• _TASK BRIEF_
Could you copy exactly the lines below, beginning at the line with "Lexus ES 350 Sedan 2014" and stopping after the line with "Ford Mustang Vehicle", with no pictures?

• _INFORMATION SUPPLIED_
------------------------------------
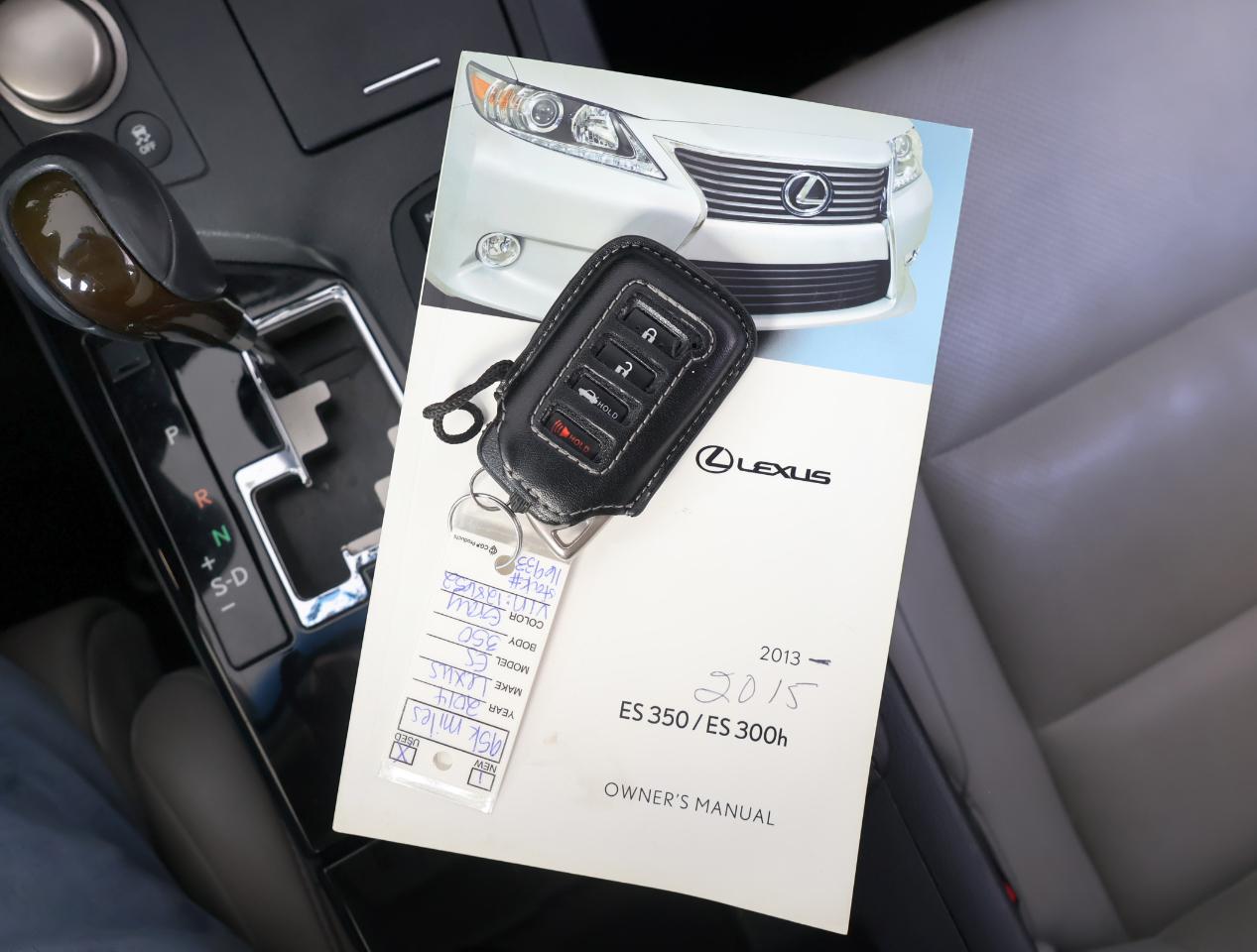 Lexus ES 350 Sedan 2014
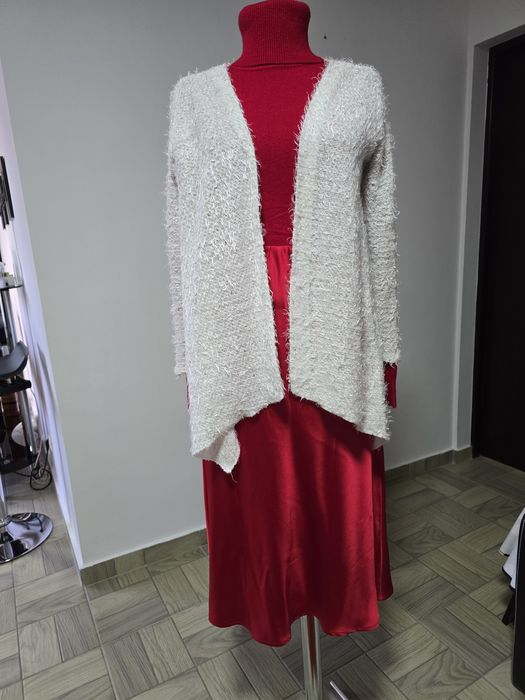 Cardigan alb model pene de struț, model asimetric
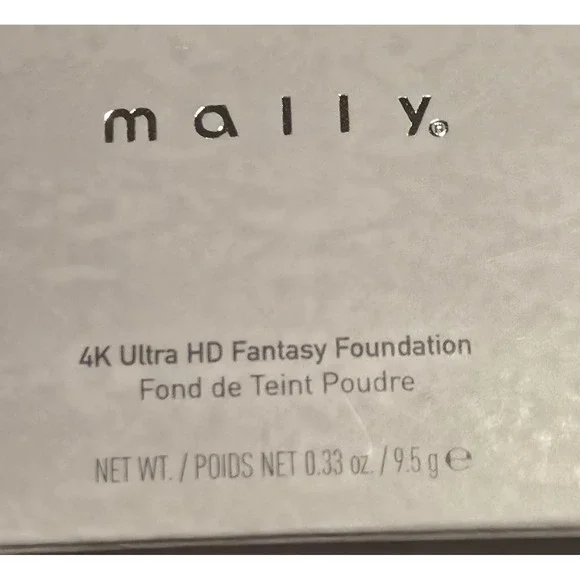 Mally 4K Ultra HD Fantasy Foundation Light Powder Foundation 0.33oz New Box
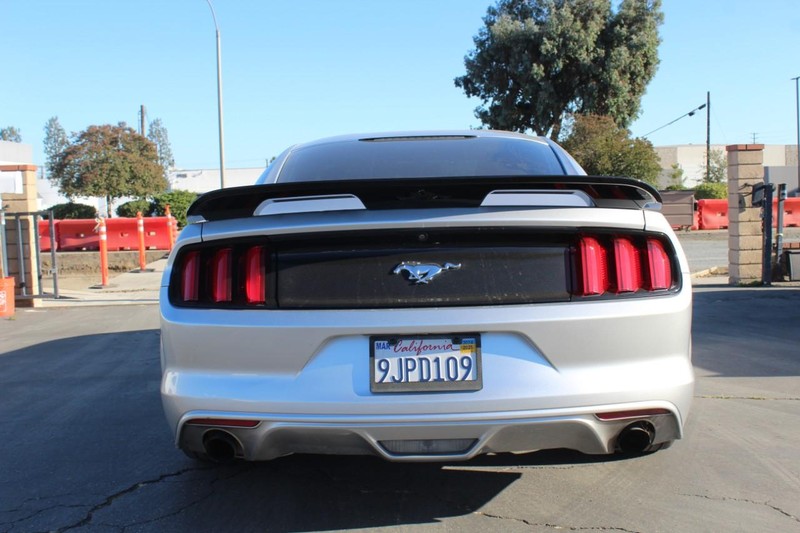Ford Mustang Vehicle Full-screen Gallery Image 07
------------------------------------
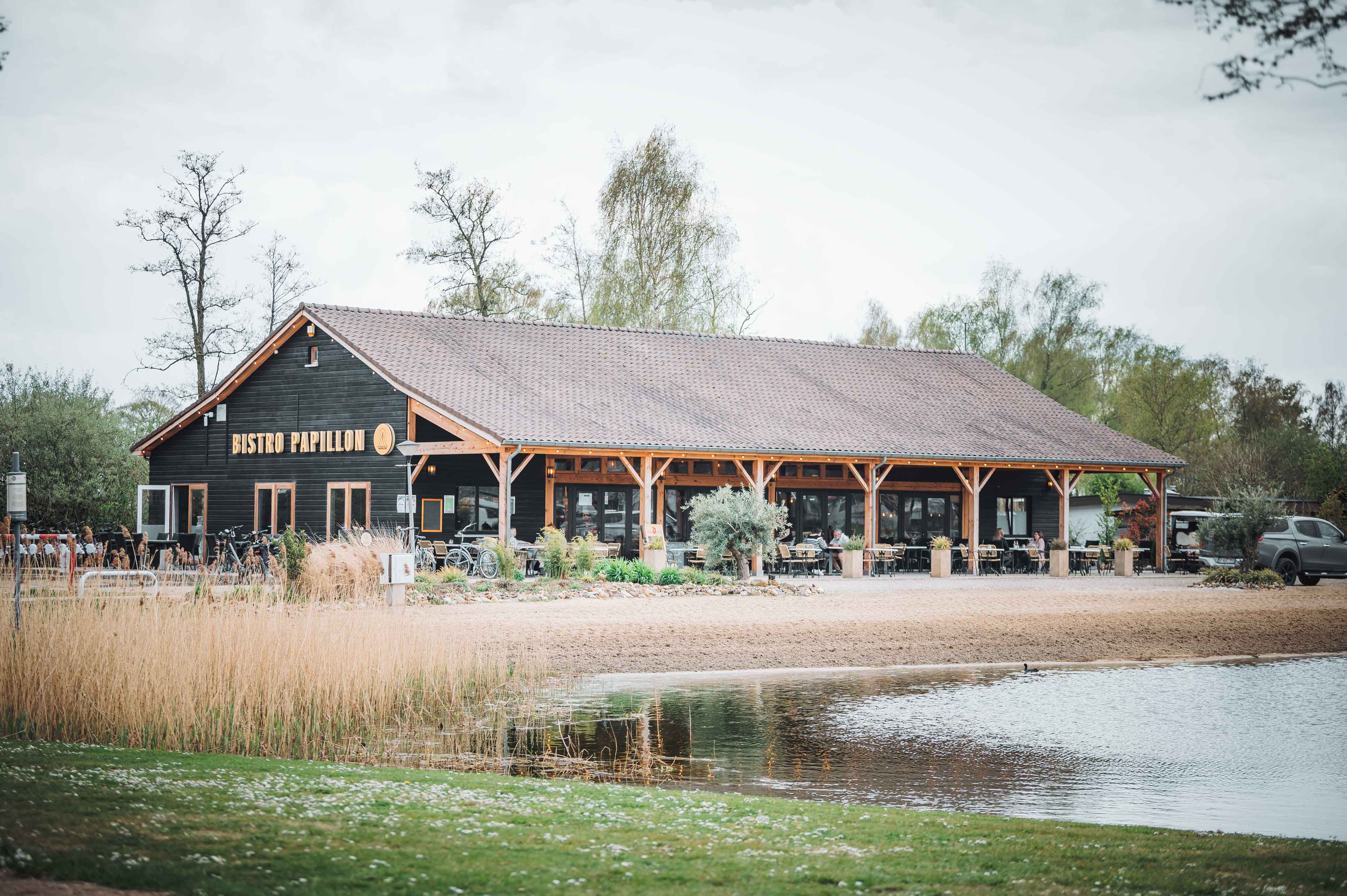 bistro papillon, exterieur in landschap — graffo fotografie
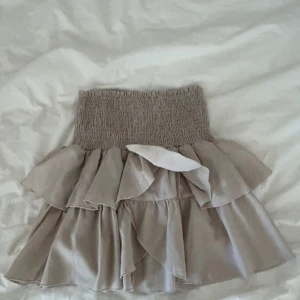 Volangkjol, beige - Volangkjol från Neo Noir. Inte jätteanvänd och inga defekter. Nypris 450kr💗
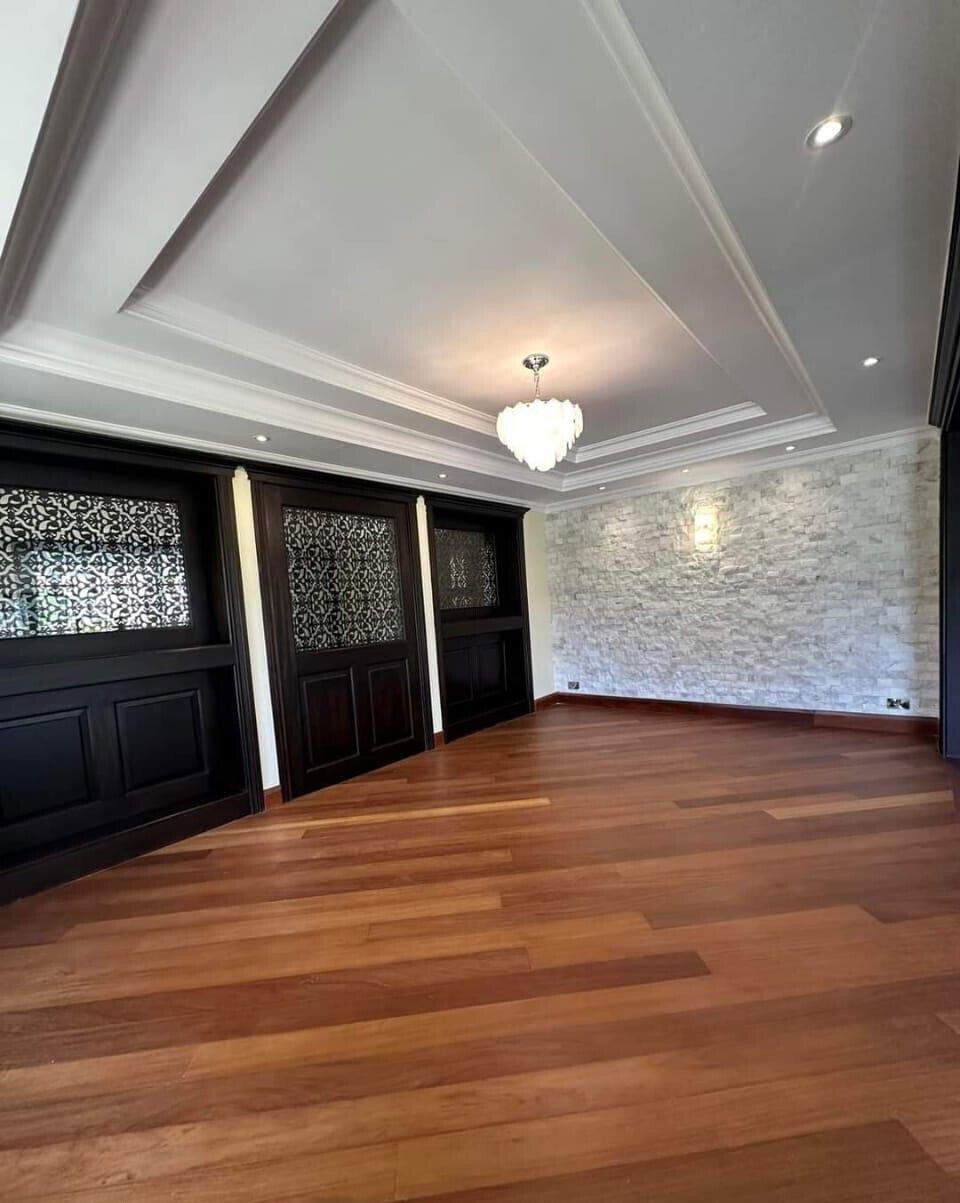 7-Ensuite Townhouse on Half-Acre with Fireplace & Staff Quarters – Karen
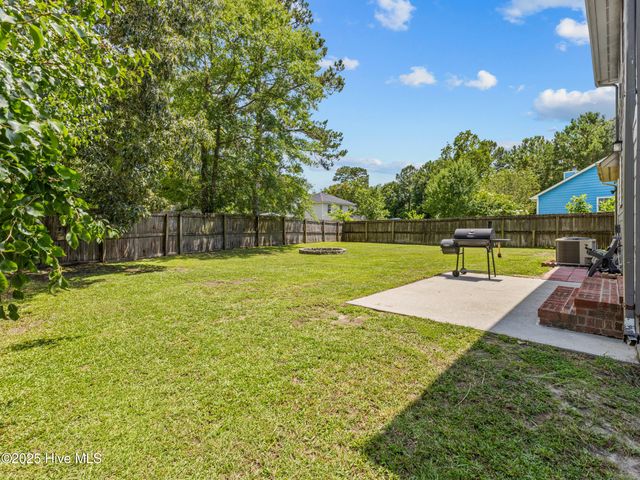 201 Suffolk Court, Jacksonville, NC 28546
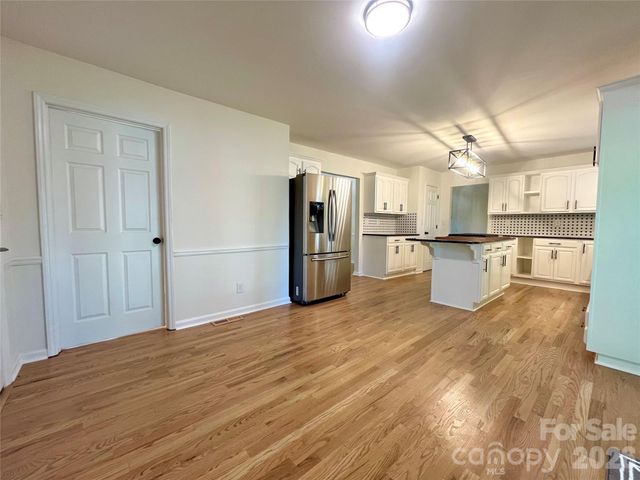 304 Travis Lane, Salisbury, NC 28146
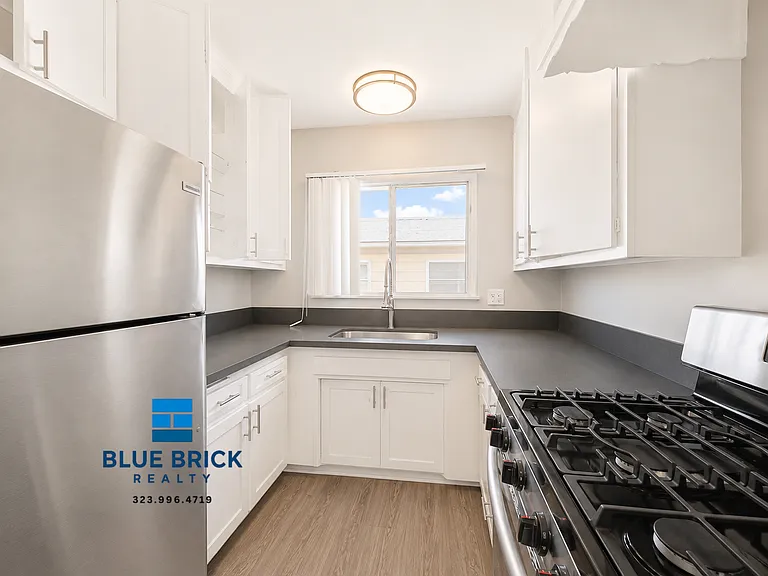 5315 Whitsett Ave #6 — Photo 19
------------------------------------
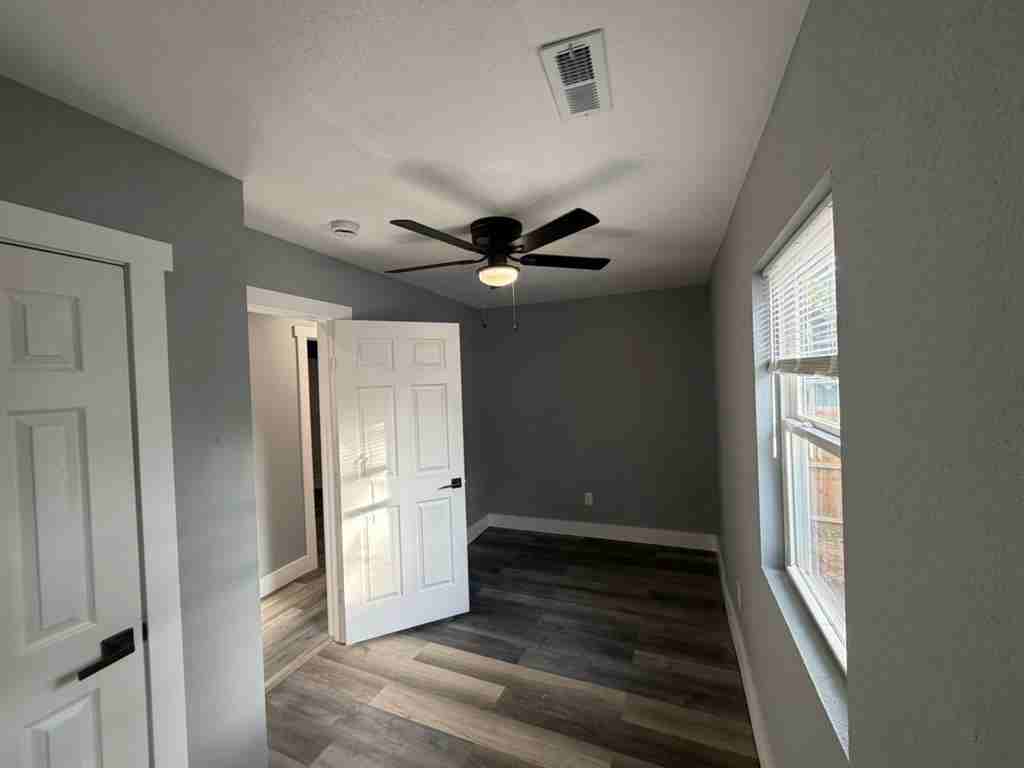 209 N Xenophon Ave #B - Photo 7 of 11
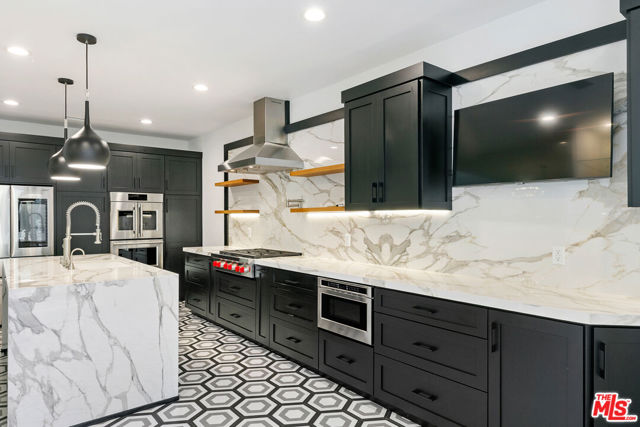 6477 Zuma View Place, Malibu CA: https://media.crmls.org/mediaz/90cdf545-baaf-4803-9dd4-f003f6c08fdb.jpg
------------------------------------
• _ANSWER FOR THE TASK_
 Lexus ES 350 Sedan 2014
 Cardigan alb model pene de struț, model asimetric
 Mally 4K Ultra HD Fantasy Foundation Light Powder Foundation 0.33oz New Box
Ford Mustang Vehicle Full-screen Gallery Image 07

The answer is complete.